[WORK REQUEST]
Pictures in the data should be dropped; transcribe exactly the lines from the one that has "Hyundai Elantra 1.6 AT, 2022, 82 743 км" through the one that has "Белый Мерседес Sprinter, объемом".

[MATERIAL FOR THIS TASK]
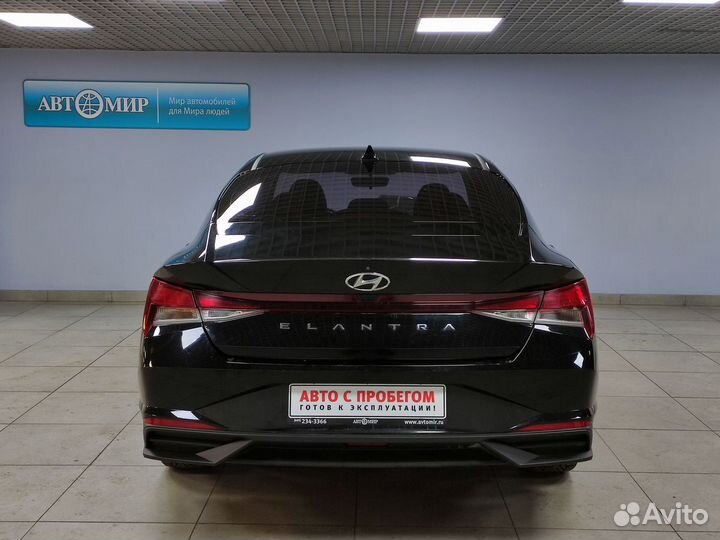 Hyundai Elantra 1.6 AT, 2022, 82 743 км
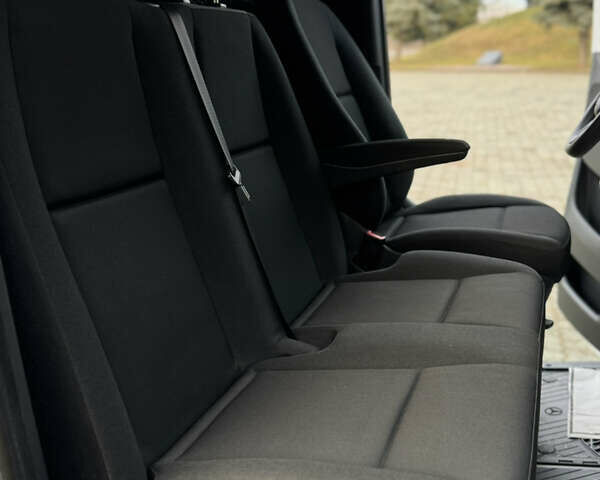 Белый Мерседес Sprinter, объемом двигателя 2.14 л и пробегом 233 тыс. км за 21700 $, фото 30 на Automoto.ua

==

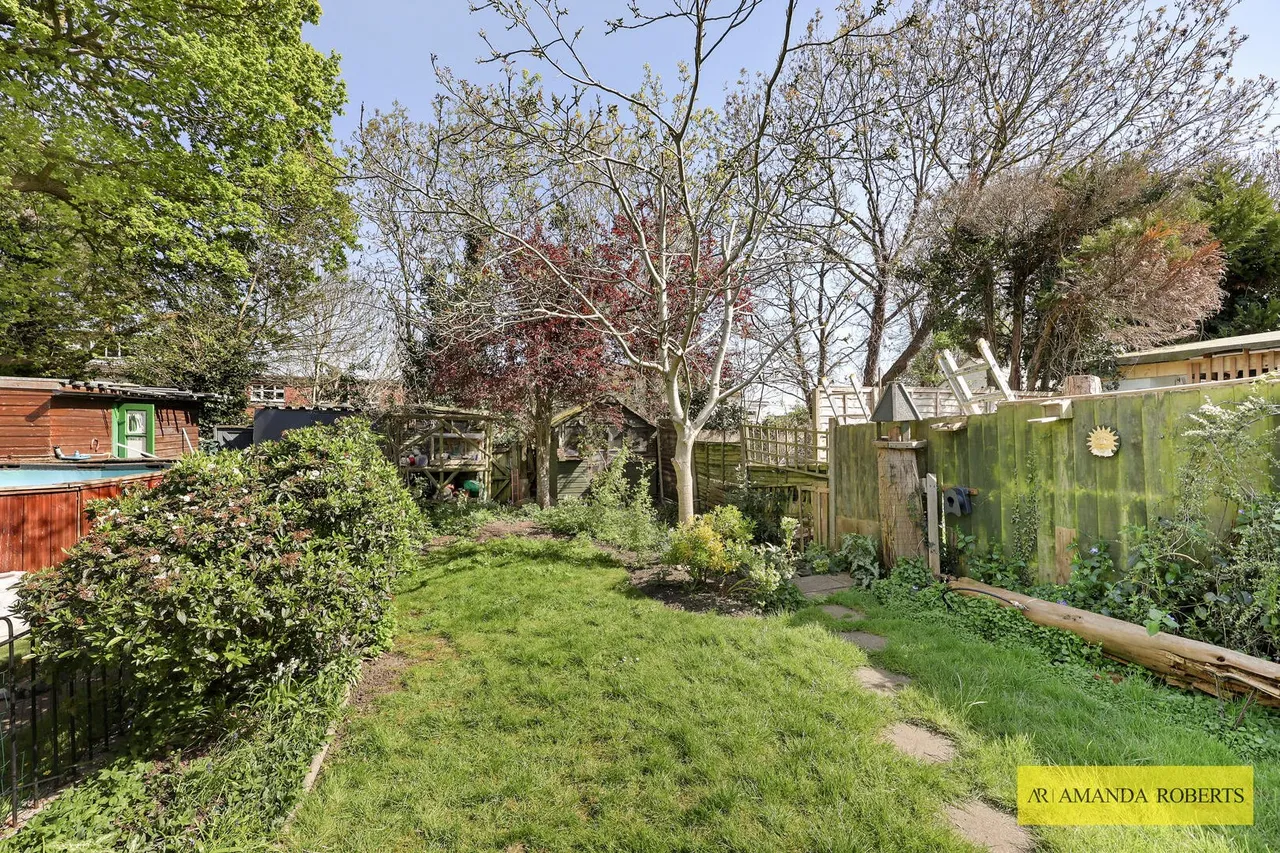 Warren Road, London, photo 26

[EXERCISE RESPONSE]
 Hyundai Elantra 1.6 AT, 2022, 82 743 км
 Белый Мерседес Sprinter, объемом двигателя 2.14 л и пробегом 233 тыс. км за 21700 $, фото 30 на Automoto.ua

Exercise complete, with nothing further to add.